Говорили о ромской жизни. Григорий говорит: «Мы не считаемся людьми — у нас нет родины и флага!» — и улыбается лукаво. Начали о важнейшем для ромов — о музыке и танце. И хотя хотели о другом, но их антрацитные глаза засветились мягким золотом: «А помните знаменитого Махмуда Эсамбаева? Наша Маша к нему пошла проситься выступать. И он сказал: «Возьму, если станцуешь «Восход солнца» за одну минуту!» Маша станцевала за 59 секунд! Вы понимаете?!» И лица их сделались, как круглое солнце, и смотрели они куда-то в себя, и улыбка их была загадочной и похожей на любовь. Это кто-то понимает? Маша за 59 секунд, извиваясь своим обернутым цыганскими юбками станом, поднялась с земли, как солнце, которое зашло в апогей, кто может понять всю важность этого момента так, как это чувствуют ромы, эти никем не разгаданные люди, которые живут среди нас и многих пугают своей неразгаданностью?

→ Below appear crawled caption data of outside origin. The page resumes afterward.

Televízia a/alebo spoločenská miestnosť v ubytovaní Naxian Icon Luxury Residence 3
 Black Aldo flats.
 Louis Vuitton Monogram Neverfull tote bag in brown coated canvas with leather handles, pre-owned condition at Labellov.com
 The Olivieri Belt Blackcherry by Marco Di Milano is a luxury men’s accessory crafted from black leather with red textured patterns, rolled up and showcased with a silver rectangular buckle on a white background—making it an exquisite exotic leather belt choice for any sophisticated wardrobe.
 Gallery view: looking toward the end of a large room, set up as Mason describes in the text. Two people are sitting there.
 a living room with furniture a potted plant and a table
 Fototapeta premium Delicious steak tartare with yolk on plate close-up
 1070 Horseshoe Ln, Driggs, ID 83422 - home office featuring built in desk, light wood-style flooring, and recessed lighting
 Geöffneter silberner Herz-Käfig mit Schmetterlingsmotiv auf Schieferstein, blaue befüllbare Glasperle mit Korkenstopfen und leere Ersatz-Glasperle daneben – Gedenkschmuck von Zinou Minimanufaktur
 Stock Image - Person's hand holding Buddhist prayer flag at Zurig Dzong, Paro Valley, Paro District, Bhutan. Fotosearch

Мужчины сидели важно и гордо, и я чувствовала себя среди них допущенным к тайне человеком, который получит ключ. Этот ключ сейчас у меня в кармане широкой красочной юбки — как у их женщин-королев... Я должна беречь этот ключ, потому что должна им открыть какие-то двери, в которые они поручили мне войти самой...
Когда вышли, у ворот сидела старая цыганка с золотыми полумесяцами в ушах. Поднялась, как молодая, взяла мои руки в свои теплые сухие ладони: «Ой красивая, постели здесь асфальт на улице, дочечка, — ножки мои болят по ямам ходить... Бог тебя благословит, милая», и поцеловала сухими теплыми морщинистыми губами. И пошла, потому что старший посмотрел на нее каким-то своим взглядом...
«Приходите к моей Маше — она все о вас расскажет, она все видит — только если не боитесь», — сказал Григорий и исчез, покрутив на пальце ключи от машины (а может, от брички?).
Иду теперь дальше — обласканная, целованная, накормленная, обнадеженная и обязанная, красивая — что-то сделать для них, «без родины и флага», которые поднимают солнце над землей за 59 секунд. Люблю их и не боюсь их правды. Завтра пойду к Маше.